Programming Model Overview¶

NVSHMEM is a software library that implements the OpenSHMEM application programming interface (API) for clusters of NVIDIA GPUs. OpenSHMEM is a community standard, one-sided communication API that provides a partitioned global address space (PGAS) parallel programming model. A key goal of the OpenSHMEM specification – and also of NVSHMEM – is to provide an interface that is convenient to use, while also providing high performance with minimal software overheads.

The OpenSHMEM specification is under active development, with regular releases that expand its feature set and extend its ability to utilize emerging node and cluster architectures. The current version of NVSHMEM is based upon the OpenSHMEM version 1.3 APIs and also includes many features from later versions of OpenSHMEM. While NVSHMEM is based on OpenSHMEM, there are important differences that are detailed in this reference.

NVSHMEM provides an easy-to-use host-side interface for allocating symmetric memory, which can be distributed across a cluster of NVIDIA GPUs interconnected with NVLink, PCIe, and InfiniBand. Device-side APIs can be called by CUDA kernel threads to efficiently access locations in symmetric memory through one-sided read (get), write (put), and atomic update API calls. In addition, symmetric memory that is directly accessible to a given GPU (for example, a memory region that is located on the local GPU or a peer GPU connected via NVLink) can be queried and accessed directly via a pointer provided by the NVSHMEM library.

NVSHMEM extends the OpenSHMEM APIs to support clusters of NVIDIA GPUs. The following provides a brief summary of several key extensions:

Support for symmetric allocation of GPU memory.

Support for GPU-initiated communication, including support for CUDA types.

A new API call to collectively launch CUDA kernels across a set of GPUs.

Stream-based APIs that allow data movement operations initiated from the CPU to be offloaded onto the GPU and ordered with regard to a CUDA stream.

Threadgroup communication where threads from whole warps or whole thread blocks in a CUDA kernel can collectively participate in a single communication operation.

Differentiation between synchronizing and non-synchronizing operations to benefit from strengths (weak or strong) of operations in the GPU memory model.

The following provides a brief summary of the differences between NVSHMEM and OpenSHMEM.

API names are prefixed with “nv” to enable hybrid usage of NVSHMEM with an existing OpenSHMEM library.

All buffer arguments to NVSHMEM communication routines must be symmetric.

NVSHMEM provides weak ordering for data returned by blocking operations that fetch data.

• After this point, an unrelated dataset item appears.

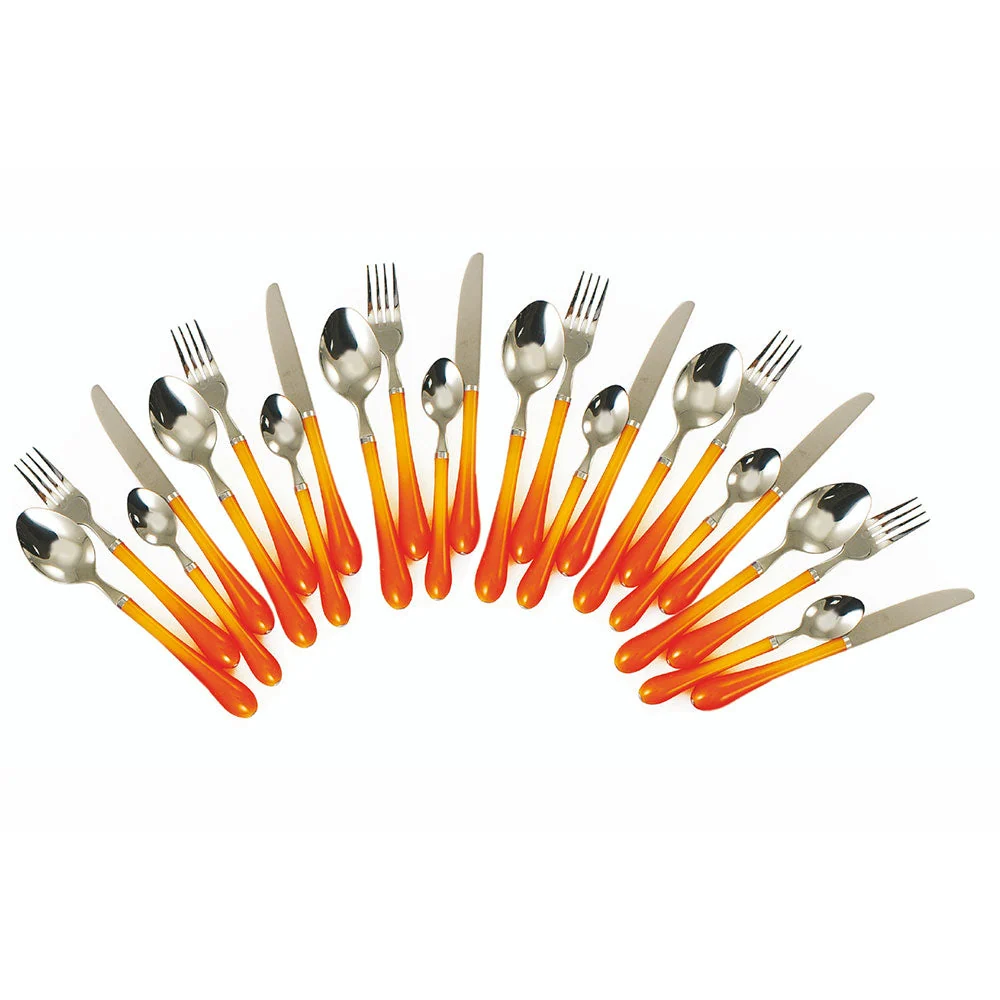 Servizio Set di Posate 24 Pezzi Acciao Inox Villa d'Este Goccia Arancio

Ordering can be enforced via the nvshmem_fence operation.

More information on the OpenSHMEM specification can be found at openshmem.org.

Memory Model¶

NVSHMEM Memory Model

An NVSHMEM program consists of data objects that are private to each PE and data objects that are remotely accessible by all PEs. Private data objects are stored in the local memory of each PE and can only be accessed by the PE itself; these data objects cannot be accessed by other PEs via NVSHMEM routines. Private data objects follow the memory model of C. Remotely accessible objects, however, can be accessed by remote PEs using NVSHMEM routines. Remotely accessible data objects are called Symmetric Data Objects. Each symmetric data object has a corresponding object with the same name, type, and size on all PEs where that object is accessible via the NVSHMEMAPI [1].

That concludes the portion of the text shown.